Access Google API using python: Refresh Error 'invalid grant' appears suddenly after a few days of first-time setup

Question

Within last 10days, with python 3 and by using the google_auth_oauthlib and googleapiclient packages, I have been able to create Google Sheet (using python code) and do basic write/read values to any cell. I accomplished this by going through random videos on Youtube.

Suddenly today evening, the code stopped working with the following error:

google.auth.exceptions.RefreshError: ('invalid_grant: Token has been expired or revoked.', {'error': 'invalid_grant', 'error_description': 'Token has been expired or revoked.'})

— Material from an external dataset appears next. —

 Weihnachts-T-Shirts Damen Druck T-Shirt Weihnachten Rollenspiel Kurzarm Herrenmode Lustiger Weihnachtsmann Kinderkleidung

I am new to Google API and have no clue why this is happening. Is there something I need to 'reset' in my account in console.cloud.google.com to avoid this?

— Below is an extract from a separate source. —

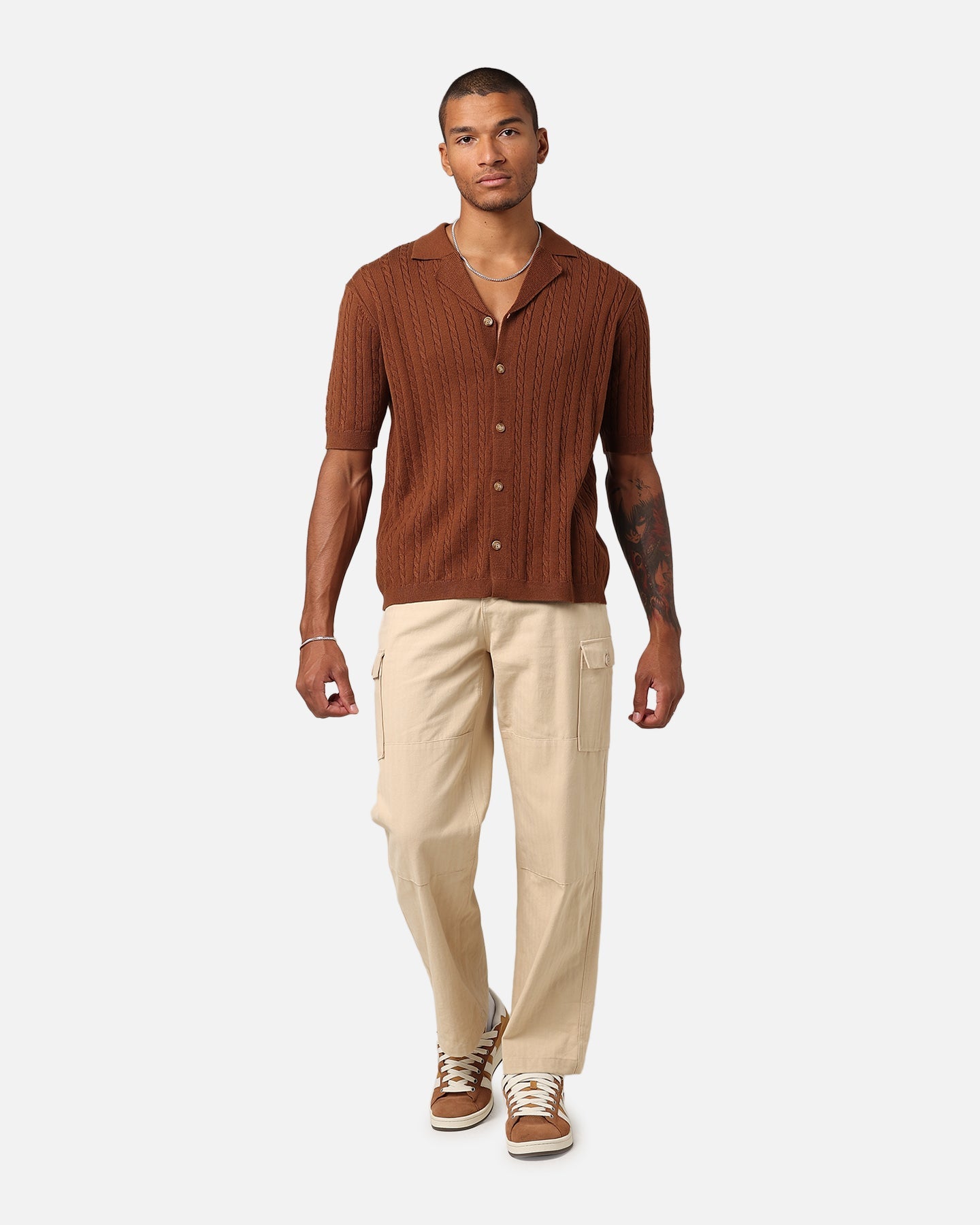 XXIII Terry Knit Button Up Shirt Brown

Following is the code which used to work fine before, but doesnt now:

import os
from Google import Create_Service

spreadsheet_id= '1F8mAvHWqHL_3JHuKnv9Fy9vm2_Zm2tR13DNKj9oNxzU'

FOLDER_PATH = r'C:\Users\Owner'
CLIENT_SECRET_FILE = os.path.join(FOLDER_PATH, 'Client_Secret2.json')
API_SERVICE_NAME = 'sheets'
API_VERSION = 'v4'
SCOPES = ['https://www.googleapis.com/auth/spreadsheets']

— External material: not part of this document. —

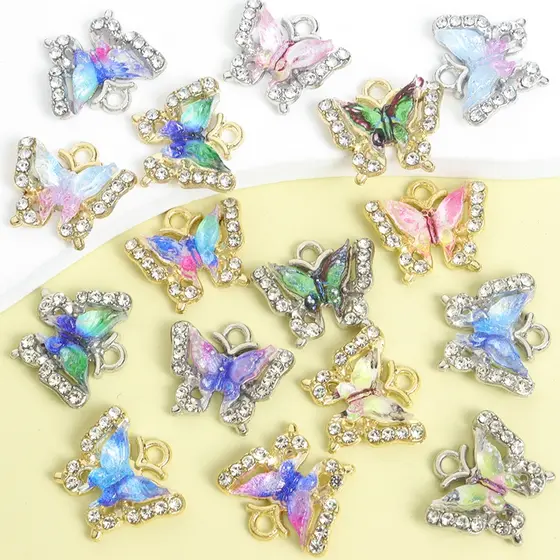10 Peças Amuletos De Borboleta Com Incrustação De Acrílico Gradiente Multicolorido Strass , Pingentes Delicados De Liga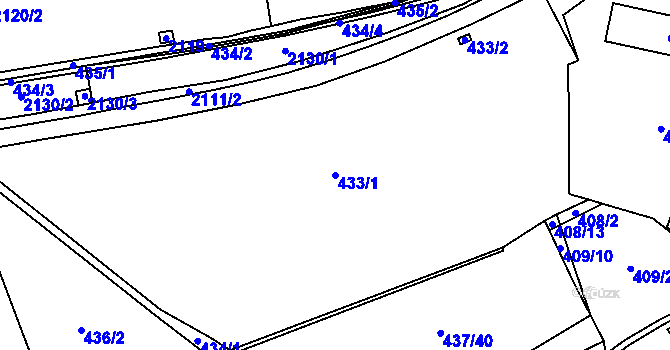 Parcela st. 433/1 v KÚ Všenory, Katastrální mapa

service = Create_Service(CLIENT_SECRET_FILE, API_SERVICE_NAME, API_VERSION, SCOPES)
service.spreadsheets().values().clear(
    spreadsheetId=spreadsheet_id,
    range='A1:AA1000',
    body={}
).execute()

Here is code for Google.pywhich has Create_Service :

import pickle
import os
from google_auth_oauthlib.flow import Flow, InstalledAppFlow
from googleapiclient.discovery import build
from googleapiclient.http import MediaFileUpload, MediaIoBaseDownload
from google.auth.transport.requests import Request


def Create_Service(client_secret_file, api_name, api_version, *scopes):
    print(client_secret_file, api_name, api_version, scopes, sep='-')
    CLIENT_SECRET_FILE = client_secret_file
    API_SERVICE_NAME = api_name
    API_VERSION = api_version
    SCOPES = [scope for scope in scopes[0]]
    print(SCOPES)

    cred = None

    pickle_file = f'token_{API_SERVICE_NAME}_{API_VERSION}.pickle'
    # print(pickle_file)

    if os.path.exists(pickle_file):
        with open(pickle_file, 'rb') as token:
            cred = pickle.load(token)

    if not cred or not cred.valid:
        if cred and cred.expired and cred.refresh_token:
            cred.refresh(Request())
        else:
            flow = InstalledAppFlow.from_client_secrets_file(CLIENT_SECRET_FILE, SCOPES)
            cred = flow.run_local_server()

        with open(pickle_file, 'wb') as token:
            pickle.dump(cred, token)

    try:
        service = build(API_SERVICE_NAME, API_VERSION, credentials=cred)
        print(API_SERVICE_NAME, 'service created successfully')
        return service
    except Exception as e:
        print('Unable to connect.')
        print(e)
        return None

def convert_to_RFC_datetime(year=1900, month=1, day=1, hour=0, minute=0):
    dt = datetime.datetime(year, month, day, hour, minute, 0).isoformat() + 'Z'
    return dt

Here is the photo from my console.cloud.google.com :

Answer 1

I resolved the issue by deleting the .pickle file I had in my python folder. Re-running my code self-generated a new .pickle file and the code runs now!

Answer 2

To be clear. This has nothing to do with your credentials file. Your credentials file is unaffected by this error.

'Token has been expired or revoked.'

Means that your app not longer has access to the users account. Either the access token you are using has expired and you have not requested off line access so do not have a refresh token. Or the refresh token has been revoked.

Cauess for refresh token revoked.

• the user has revoked your access via their google account.
• the user has authorized your app more then 50 times and you are not storing the most recent refresh token
• Your app is still set to testing in google developer console and there for it will expire after seven days.

Solution to all of the above is to request access of the user again. If you are following the People quickstart python. Delete 'token.json' it will cause your app to request access again.

Refresh token expiration

A Google Cloud Platform project with an OAuth consent screen configured for an external user type and a publishing status of "Testing" is issued a refresh token expiring in 7 days.